2007-12-02 11:52:42 · 3 answers · asked by Anonymous in Science & Mathematics ➔ Mathematics
Note that choosing one corner on the semicircle defines the rectangle. Suppose we choose the corner at
(x, sqrt(25-x^2) ), where x is positive (and less than 5).

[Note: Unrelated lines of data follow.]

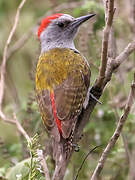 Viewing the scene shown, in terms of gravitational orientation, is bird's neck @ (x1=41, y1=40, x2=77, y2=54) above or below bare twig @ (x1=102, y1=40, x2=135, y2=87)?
below

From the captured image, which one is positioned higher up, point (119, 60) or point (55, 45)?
point (119, 60)

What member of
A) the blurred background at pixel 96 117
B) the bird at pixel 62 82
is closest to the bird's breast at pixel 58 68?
the bird at pixel 62 82

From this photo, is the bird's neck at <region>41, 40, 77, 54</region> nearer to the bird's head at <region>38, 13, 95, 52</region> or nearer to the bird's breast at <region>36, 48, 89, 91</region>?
the bird's head at <region>38, 13, 95, 52</region>

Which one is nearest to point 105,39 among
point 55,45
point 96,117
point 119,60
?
point 119,60

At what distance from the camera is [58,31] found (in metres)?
5.81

Then it is easy to see the width is 2x, and the height is
sqrt (25-x^2)
so the formula for the area is
2x * sqrt(25 -x^2)
Now use calculus to find the value of x that maximizes this value, and plug it in to get the maximum area.
HTH,
Steve
Answer:
x = 5/Sqrt(2), area = 25
EDIT - I'm not entirely sure how everyone else is getting this wrong, but the area is
2 * x * sqrt(25-x^2)
not 4, not 1, but 2. We are talking about a semicircle!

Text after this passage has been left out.